EMOSOR: Evolutionary multiple objective optimization guided by interactive stochastic ordinal regression

Abstract

We propose a family of algorithms, called EMOSOR, combining Evolutionary Multiple Objective Optimization with Stochastic Ordinal Regression. The proposed methods ask the Decision Maker (DM) to holistically compare, at regular intervals, a pair of solutions, and use the Monte Carlo simulation to construct a set of preference model instances compatible with such indirect and incomplete information. The specific variants of EMOSOR are distinguished by the following three aspects. Firstly, they make use of two different preference models, i.e., either an additive value function or a Chebyshev function.
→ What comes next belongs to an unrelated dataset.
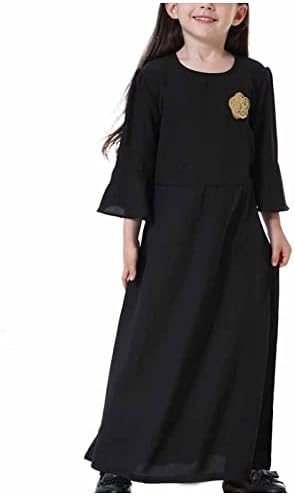 Küçük Kızlar Çocuklar Flare Uzun Kollu Maxi Elbise müslüman çarşaf elbise Elbise Düz Basit Modern İslam Tarzı rahat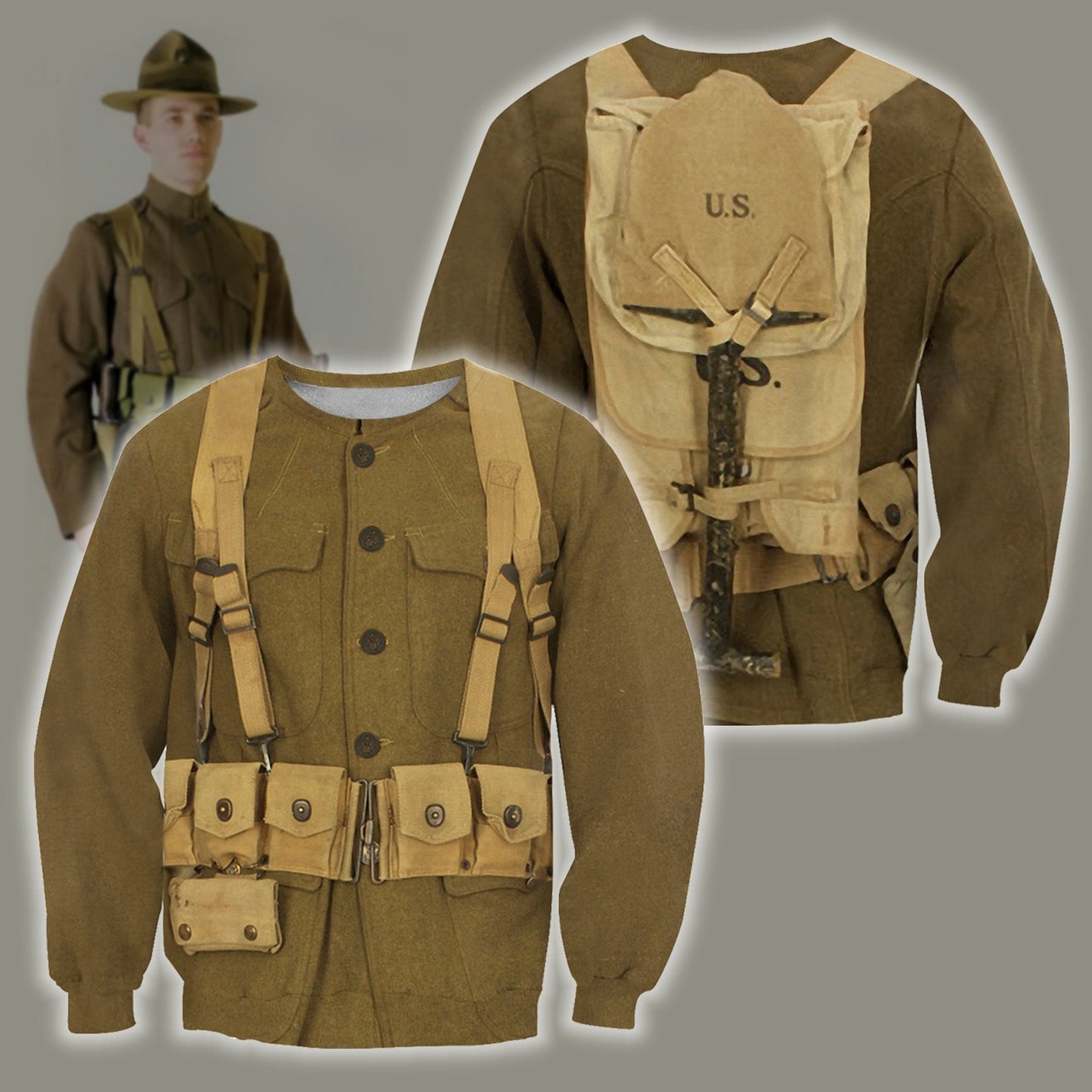 3D All Over Printed U.S. WWI Soldier Shirts - Amaze Style™-Apparel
Secondly, they aggregate the acceptability indices derived from the stochastic analysis in various ways, and use thus constructed indicators or relations to sort the solutions obtained in each generation. Thirdly, they incorporate different active learning strategies for selecting pairs of solutions to be critically judged by the DM. The extensive computational experiments performed on a set of benchmark optimization problems reveal that EMOSOR is able to bias an evolutionary search towards a part of the Pareto front being the most relevant to the DM, outperforming in this regard the state-of-the-art interactive evolutionary hybrids. Moreover, we demonstrate that the performance of EMOSOR improves in case the forms of a preference model used by the method and the DM’s value system align. Furthermore, we discuss how vastly incorporation of different indicators based on the stochastic acceptability indices influences the quality of both the best constructed solution and an entire population. Finally, we demonstrate that our novel questioning strategies allow to reduce a number of interactions with the DM until a high-quality solution is constructed or, alternatively, to discover a better solution after the same number of interactions.